Dans Mes lectures indispensables, je classe « Journal d’un corps » de Daniel Pennac, paru en 2012 chez Gallimard, en excellente position. Je connaissais cet auteur par ouï dire, mais je n’avais jamais rien lu provenant de sa plume. Comme souvent, on connaît cet écrivain parce qu’on en a entendu parler, parce qu’il a remporté un prix littéraire prestigieux. En l’occurrence, le prix Renaudot, en 2007, pour son roman autobiographique « Chagrin d’école ».

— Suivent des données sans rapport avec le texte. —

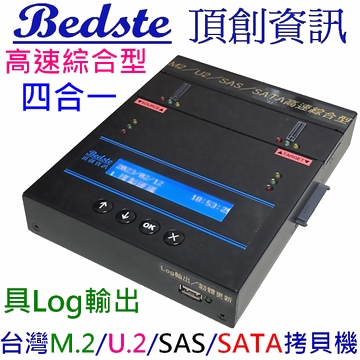 1對1 M.2/U.2/SAS/SATA 四合一 SSD/硬碟拷貝機 PUSA201Log高速綜合型 具Log記錄輸出 相容M.2/U.2/SAS/SATA/ PCIe/NVMe/NGFF/SSD/硬碟拷貝機 M.2/硬碟對拷機 M.2/硬碟抹除機產品圖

J’ai eu la chance de découvrir « Journal d’un corps » à une période de ma vie où tout allait pour le mieux : j’étais amoureux – et c’était réciproque… c’est mieux, hein ? –, je gagnais bien ma vie et je faisais un boulot qui me passionnait. Autant vous dire que ce livre a été, pour moi, d’une lecture jubilatoire comme rarement ce fut le cas avec d’autres romans ! Pensez donc : le narrateur a tenu un journal intime, de 13 à 87 ans, sur son corps et ses transformations successives tout au long des aléas d’une existence bien remplie !
Le point de vue, pardon, le point d’écriture que Daniel Pennac adopte pour raconter le temps qui passe est d’une profondeur infinie. Avec le corps – le sien, le vôtre, le mien – comme sujet central, simple et complexe à la fois !
Pour moi qui ai passé la cinquantaine et qui, lors de sa première lecture, n’en étais pas encore là, je me suis retrouvé à maintes reprises dans les mots de l’auteur. C’est bien là où se trouve la force de « Journal d’un corps » : donner à penser à chaque lecteur que c’est aussi un peu son propre journal intime.
En outre, comme tout journal intime – en vrai, si je puis m’exprimer ainsi –, le récit est découpé en paragraphes plus ou moins courts, qui eux-mêmes font partie intégrante de chapitres assimilés à des périodes précises de la vie : « 12-14 ans », « 15-19 ans », « 21-36 ans », etc., jusqu’aux 87 ans et 19 jours du narrateur, c’est-à-dire jusqu’à sa mort. Durant ma lecture, et notamment lors de la période « 15-19 ans », j’ai vraiment cru que Daniel Pennac parlait de véritables faits, tant ceux-là étaient empreints d’une clairvoyance, d’une sagacité dans leur évocation plus que troublantes ! Il est incontestable que, en tant que garçon, j’ai moi aussi rencontré les mêmes questionnements sur le corps de la femme. Franchement, le passage, quand le narrateur est âgé de 16 ans, 6 mois, 15 jours, le jeudi 25 avril 1940, est un pur délice… que je vous laisse découvrir si ce n’est déjà fait !
Selon moi, « Journal d’un corps » est un livre important, troublant, et que je relirai sans doute encore, et encore, et encore… En outre, paraît-il qu’il a été réédité, en 2013, dans une version illustrée. Il a été mis en dessin par Manu Larcenet, et cette bande dessinée, me chuchote-t-on dans mon oreillette, est toujours disponible à la vente. Aujourd’hui. En juin 2020.
« Journal d’un corps » de Daniel Pennac, aux Éditions Gallimard.